Dawson City, Yukon, can get hot in the summer months — really hot.
So it's no surprise that a swimming hole, created by a local miner just outside of town, had become a favourite spot for local people to cool off in recent years.
But this year everything changed.
Flooding throughout the Klondike Valley last month turned the spot into a rushing river, and Marty Knutson's swimming hole is no more.
"Mother Nature's pretty relentless," said Knutson. "I don't know why it had to be so soon, but it looks like she got her way and it's gone.
"It's now basically a river with a beach on one side that's kind of still left, and the rest of it is pretty much gone. So it'll be a good fishing hole, maybe."
Knutson, owner of Tatra Ventures, a mining outfit in Dawson City, explained how the swimming hole came to be.
"We were mining down in the Klondike," he said. "The first year we struggled to make a hole. We left it after one season. It wasn't a big hole but it was kind of an area that people went to and started swimming in it.
"Instead of back-filling the area like we would normally do, we purposely tried to leave a big enough lake. We had three or four years of mining left, that when we're all said and done, there should be a nice little pond."
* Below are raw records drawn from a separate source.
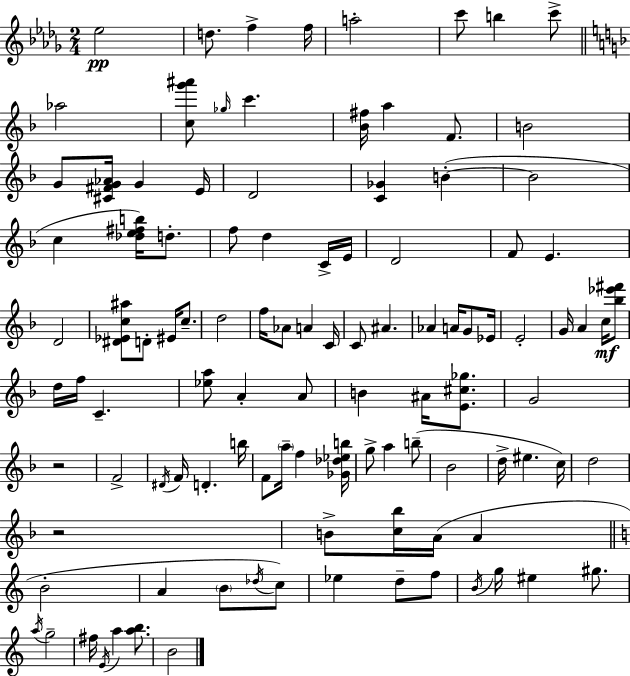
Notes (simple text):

Eb5/h D5/e. F5/q F5/s A5/h C6/e B5/q C6/e Ab5/h [C5,G6,A#6]/e Gb5/s C6/q. [Bb4,F#5]/s A5/q F4/e. B4/h G4/e [C#4,F#4,G4,Ab4]/s G4/q E4/s D4/h [C4,Gb4]/q B4/q B4/h C5/q [Db5,E5,F#5,B5]/s D5/e. F5/e D5/q C4/s E4/s D4/h F4/e E4/q. D4/h [D#4,Eb4,C5,A#5]/e D4/e EIS4/s C5/e. D5/h F5/s Ab4/e A4/q C4/s C4/e A#4/q. Ab4/q A4/s G4/e Eb4/s E4/h G4/s A4/q C5/s [Bb5,Eb6,F#6]/e D5/s F5/s C4/q. [Eb5,A5]/e A4/q A4/e B4/q A#4/s [E4,C#5,Gb5]/e. G4/h R/h F4/h D#4/s F4/s D4/q. B5/s F4/e A5/s F5/q [Gb4,Db5,Eb5,B5]/s G5/e A5/q B5/e Bb4/h D5/s EIS5/q. C5/s D5/h R/h B4/e [C5,Bb5]/s A4/s A4/q B4/h A4/q B4/e Db5/s C5/e Eb5/q D5/e F5/e B4/s G5/s EIS5/q G#5/e. A5/s G5/h F#5/s E4/s A5/q [A5,B5]/e. B4/h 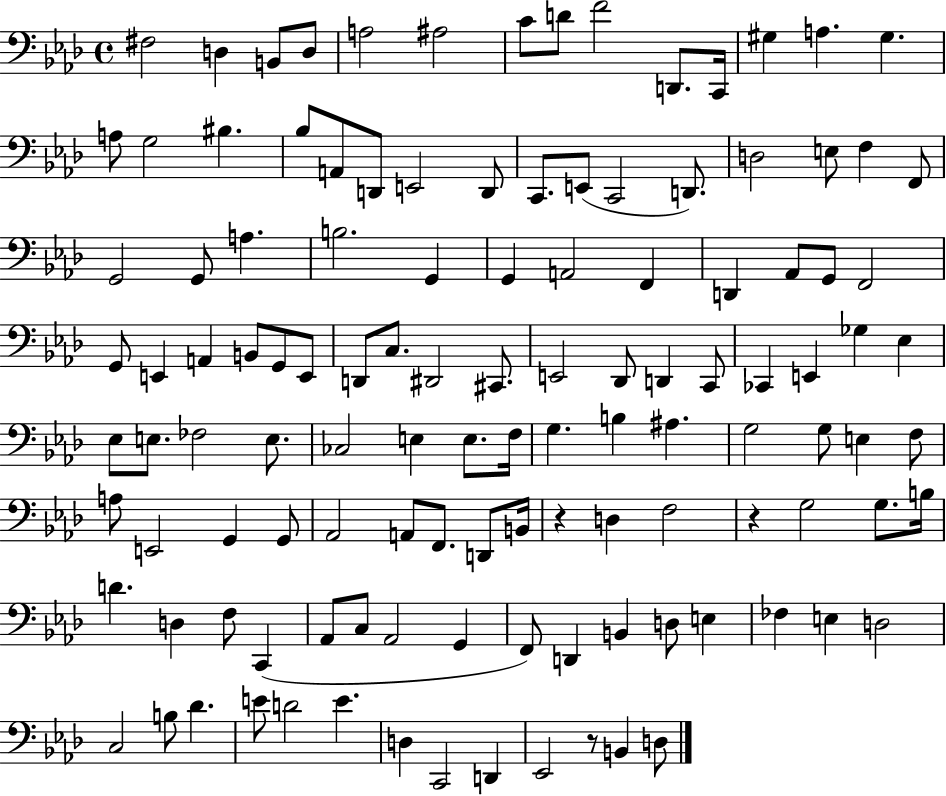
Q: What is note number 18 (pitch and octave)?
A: Bb3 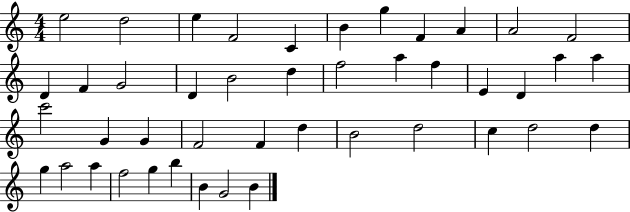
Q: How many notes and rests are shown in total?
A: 44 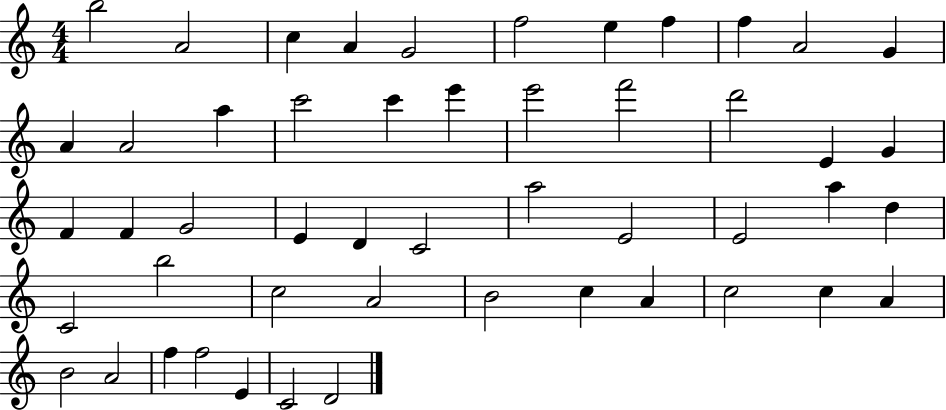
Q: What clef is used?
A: treble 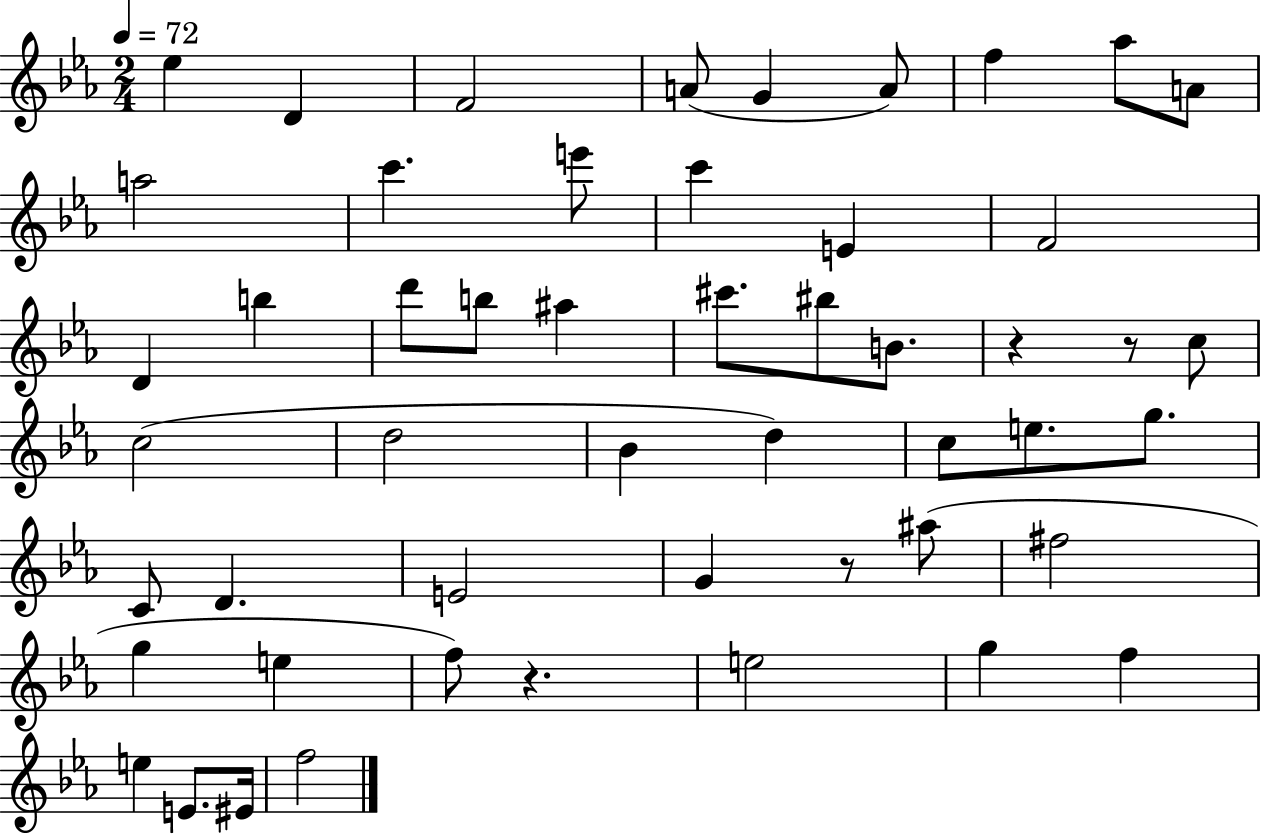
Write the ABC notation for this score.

X:1
T:Untitled
M:2/4
L:1/4
K:Eb
_e D F2 A/2 G A/2 f _a/2 A/2 a2 c' e'/2 c' E F2 D b d'/2 b/2 ^a ^c'/2 ^b/2 B/2 z z/2 c/2 c2 d2 _B d c/2 e/2 g/2 C/2 D E2 G z/2 ^a/2 ^f2 g e f/2 z e2 g f e E/2 ^E/4 f2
The swimming hole started off as a secret among locals but it quickly grew in popularity — so much so that garbage cans and portable toilets were soon placed on site. Volunteers would also routinely maintain the area.
Knutson told CBC News he doesn't plan to reconstruct the site anytime soon.
"I mean, it's got to be the right spot, and the right sort of conditions, which the Klondike was. So I don't know."
Jennie Perrin and her family loved spending their summer days at the swimming hole.
"We actually had our baby shower at the swimming hole," she told CBC News. "Our daughter, you know she had like, her first swim in the swimming hole. When my niece came up from Ontario last summer, we took her there."
Perrin's experience with the area started long before the site became better known among locals.
"My partner was actually one of the people who built the swimming hole," she said.
"He's worked for Marty and Maryann for, I think, over 20 years ... My first experience at the swimming hole was when they were actually mining there."
Perrin said losing the swimming hole is not only sad for her, but for everyone who used it.
"For kids, there's not a lot to do in Dawson in the summer," she said. "It was like a safe place to go with your family. It was really unique."